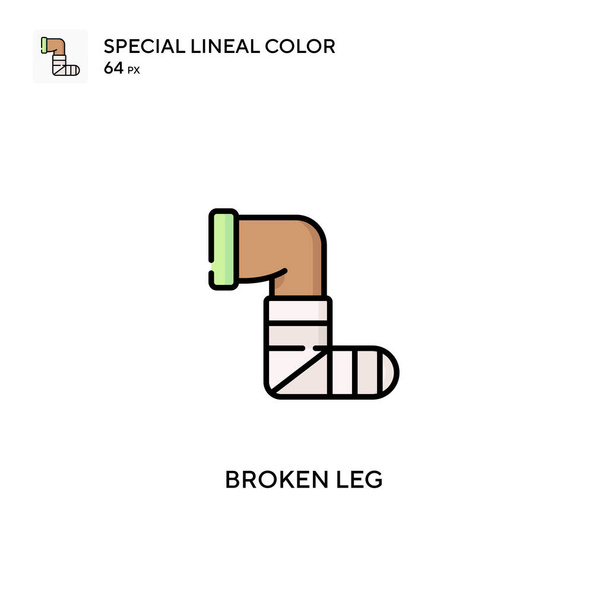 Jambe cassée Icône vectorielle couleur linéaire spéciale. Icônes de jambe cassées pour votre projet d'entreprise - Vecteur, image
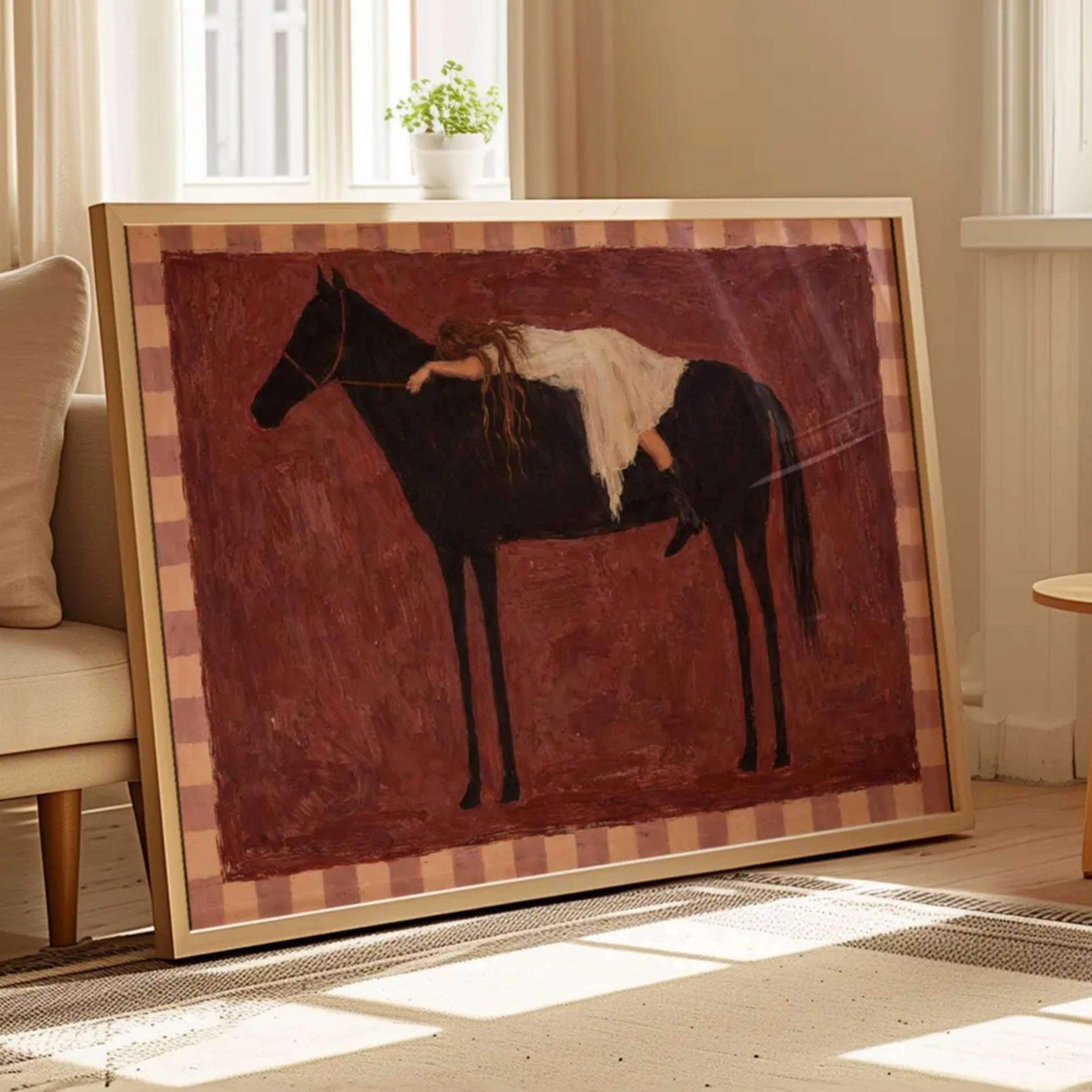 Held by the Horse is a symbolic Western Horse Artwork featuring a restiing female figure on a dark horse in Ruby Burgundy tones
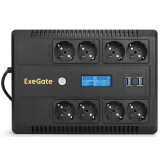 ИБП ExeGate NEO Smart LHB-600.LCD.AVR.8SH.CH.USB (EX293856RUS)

§ **What is being asked**: Extract exactly the lines above from the line containing "Held by the" through the last one, both ends included, but not the pictures.

§ **The completed task**:
 Held by the Horse is a symbolic Western Horse Artwork featuring a restiing female figure on a dark horse in Ruby Burgundy tones
 ИБП ExeGate NEO Smart LHB-600.LCD.AVR.8SH.CH.USB (EX293856RUS)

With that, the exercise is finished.